January 20 marks the 127th anniversary of the patenting of the roller coaster. These scream-inducing attractions have spread all over the world and endured their own peaks and troughs of popularity, but you can’t tell the story without talking about Queens, where a pioneer of the craft brought his final designs.
LaMarcus Adna Thompson filed the original roller coaster patent in 1885. At that point he had already built a “scenic railway” attraction at Coney Island in 1884, consisting of two towers and a dip in the middle.
He based the design on gravity railways such as the Mauch Chunk Rail Road in Pennsylvania, which ferried coal from a company mine to its chutes on the Lehigh River, relying on gravity to propel the carriages along the track. Mules were required to tow the carriages 9 miles back up to the mine and then ride the trains back downhill, sharing the twists, turns and scenic thrills with their drivers.
Thompson’s Coney Island ride was a hit. It touched off a roller coaster arms race of sorts. Among the advancements was the “Drop the Dip,” which burned to the ground in 1907, was rebuilt, and came to be regarded by some as the first modern “high-speed” coaster. The Coney Island coaster that remains, the legendary Cyclone, was built in 1927 on the site of Thompson’s first scenic railway. It’s one of the few wooden roller coasters still in operation, though several replicas pay homage to it around the world.
Thompson wound up taking his big ideas to Queens, where his efforts paved the way for the lost, lamented Rockaways’ Playland. In 1901, Thompson had built a new scenic railway at the Pan-American Exposition in Buffalo. But his business prospects were dashed when President William McKinley was assassinated there. According to Richard Geist, whose family ran Playland for decades, Thompson was enticed to bring the entire elevated railway to an existing amusement park at Far Rockaway. It became known as the L.A. Thompson Amusement Park. A picture in our Archives depicts one of the scenic railways constructed at the location, its support beams appearing to plunge straight into the surf.
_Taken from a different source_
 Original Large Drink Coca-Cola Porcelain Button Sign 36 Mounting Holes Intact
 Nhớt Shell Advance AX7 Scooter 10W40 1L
The park soldiered on until 1928, two years after the amusement impresario died. At that point the park was sold to the Geist family, who changed the name to Rockaways’ Playland and commenced several decades of financially tenuous operation. Their Atom Smasher coaster was built in 1939 to coincide with the roller coaster on the midway at the World’s Fair in Flushing Meadows Corona Park. It was a central attraction for years, appearing in the 1952 film Cinerama. After Playland closed for good in 1985, the old roller coaster was the centerpiece of the dramatic dismantlement process, as seen above in our Archive photo, making way for condominiums.
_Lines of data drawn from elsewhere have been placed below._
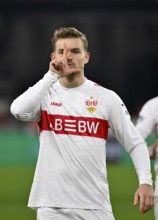 Goal celebration Maximilian Mittelstädt VfB Stuttgart (07) Europa League, MHPArena, MHP Arena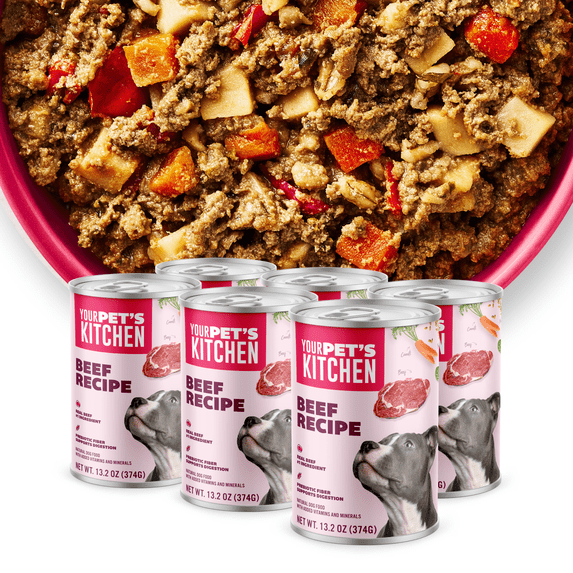 YOUR PET'S KITCHEN Wet Dog Food, Beef Recipe - 13.2 oz Cans (Pack of 6), Made in The USA with Real Beef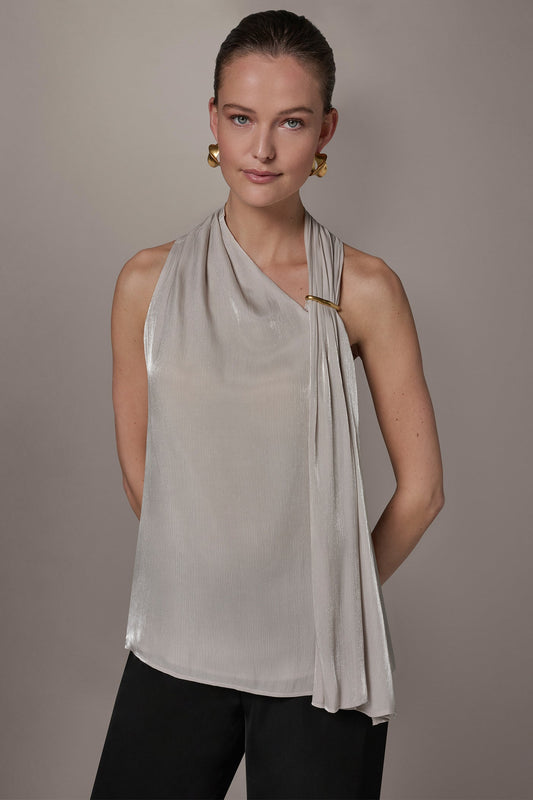 METALLIC ASYMMETRIC SCARF HALTER BLOUSE - Tuscan Grey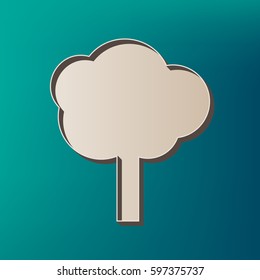 Tree sign illustration. Vector. Icon printed at 3d on sea color background.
Roller coasters had it rough throughout the country in the mid-20th century. Queens was home to other amusement parks that have since vanished from the landscape, like Fairyland, which closed in 1968 to make way for the Queens Center Mall, and Adventurer’s Inn, which was roughly where the New York Times printing plant is now on the Whitestone Expressway — and was condemned by the city in 1973.
Most of the coasters on Coney Island were also razed to make way for development. But The Cyclone lives on, a relic of the heady era Thompson ushered in, and proof that the twists, turns, and rapid plunges of a well-constructed coaster offer thrills that never get old.